EXTRACTED RECORDS
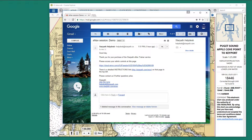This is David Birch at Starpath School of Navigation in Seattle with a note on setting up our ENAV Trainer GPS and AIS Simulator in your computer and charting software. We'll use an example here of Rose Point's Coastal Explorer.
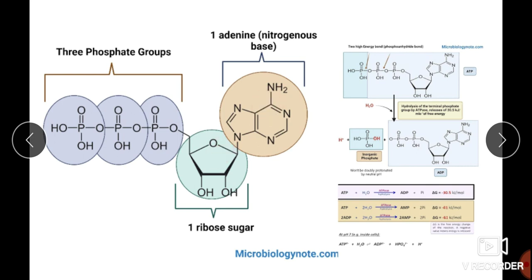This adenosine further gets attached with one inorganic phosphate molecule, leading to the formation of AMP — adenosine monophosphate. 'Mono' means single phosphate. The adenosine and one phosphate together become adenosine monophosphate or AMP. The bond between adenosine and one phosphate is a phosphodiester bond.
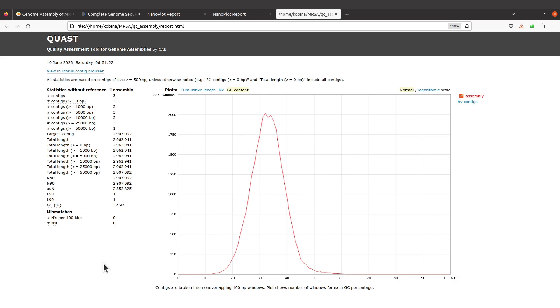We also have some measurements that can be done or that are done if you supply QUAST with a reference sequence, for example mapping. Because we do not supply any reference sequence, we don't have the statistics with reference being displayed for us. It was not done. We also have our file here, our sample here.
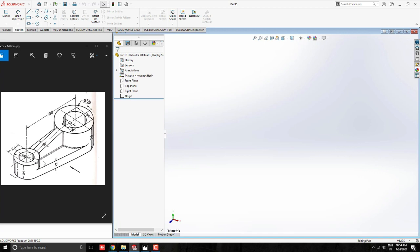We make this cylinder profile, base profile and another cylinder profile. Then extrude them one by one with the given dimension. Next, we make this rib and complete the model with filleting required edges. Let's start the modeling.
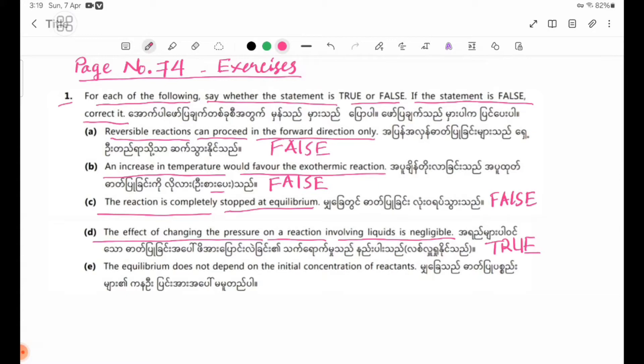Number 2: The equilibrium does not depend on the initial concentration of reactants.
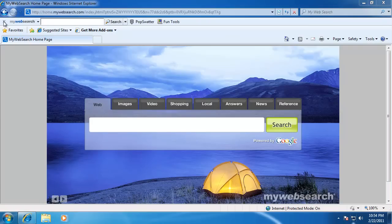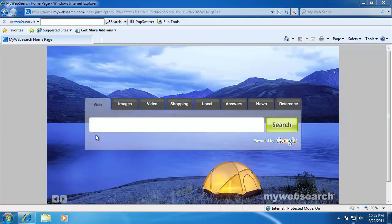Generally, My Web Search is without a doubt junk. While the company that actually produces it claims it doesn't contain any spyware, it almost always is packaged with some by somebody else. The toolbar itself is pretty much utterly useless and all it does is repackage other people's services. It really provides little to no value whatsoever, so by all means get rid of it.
...
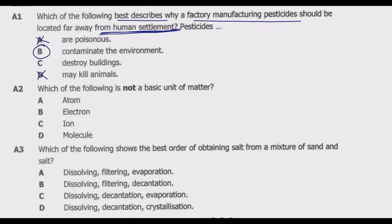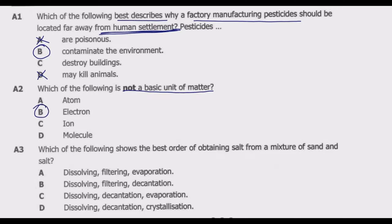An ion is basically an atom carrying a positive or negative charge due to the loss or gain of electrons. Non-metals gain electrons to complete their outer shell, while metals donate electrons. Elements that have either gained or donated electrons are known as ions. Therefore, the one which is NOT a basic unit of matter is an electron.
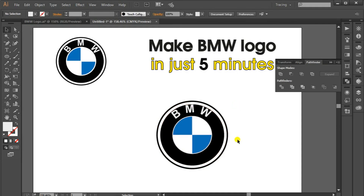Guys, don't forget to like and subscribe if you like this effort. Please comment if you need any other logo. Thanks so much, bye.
--
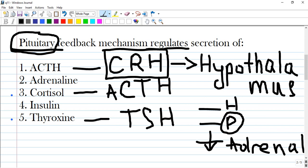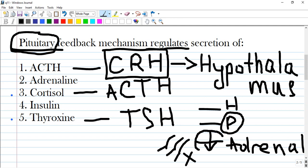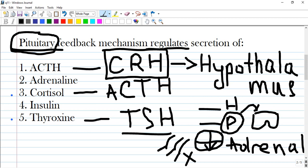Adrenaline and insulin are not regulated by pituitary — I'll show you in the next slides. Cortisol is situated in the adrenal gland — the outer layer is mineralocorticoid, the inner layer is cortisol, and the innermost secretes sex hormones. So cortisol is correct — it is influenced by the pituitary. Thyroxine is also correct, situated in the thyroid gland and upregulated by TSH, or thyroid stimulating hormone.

ACTIVITY
Starting with the line that has "This is David" and ending with the line that has "Generally, My Web", repeat the lines above exactly, omitting every picture.

REPLY
This is David Birch at Starpath School of Navigation in Seattle with a note on setting up our ENAV Trainer GPS and AIS Simulator in your computer and charting software. We'll use an example here of Rose Point's Coastal Explorer.
This adenosine further gets attached with one inorganic phosphate molecule, leading to the formation of AMP — adenosine monophosphate. 'Mono' means single phosphate. The adenosine and one phosphate together become adenosine monophosphate or AMP. The bond between adenosine and one phosphate is a phosphodiester bond.
We also have some measurements that can be done or that are done if you supply QUAST with a reference sequence, for example mapping. Because we do not supply any reference sequence, we don't have the statistics with reference being displayed for us. It was not done. We also have our file here, our sample here.
We make this cylinder profile, base profile and another cylinder profile. Then extrude them one by one with the given dimension. Next, we make this rib and complete the model with filleting required edges. Let's start the modeling.
Number 2: The equilibrium does not depend on the initial concentration of reactants.
Generally, My Web Search is without a doubt junk. While the company that actually produces it claims it doesn't contain any spyware, it almost always is packaged with some by somebody else. The toolbar itself is pretty much utterly useless and all it does is repackage other people's services. It really provides little to no value whatsoever, so by all means get rid of it.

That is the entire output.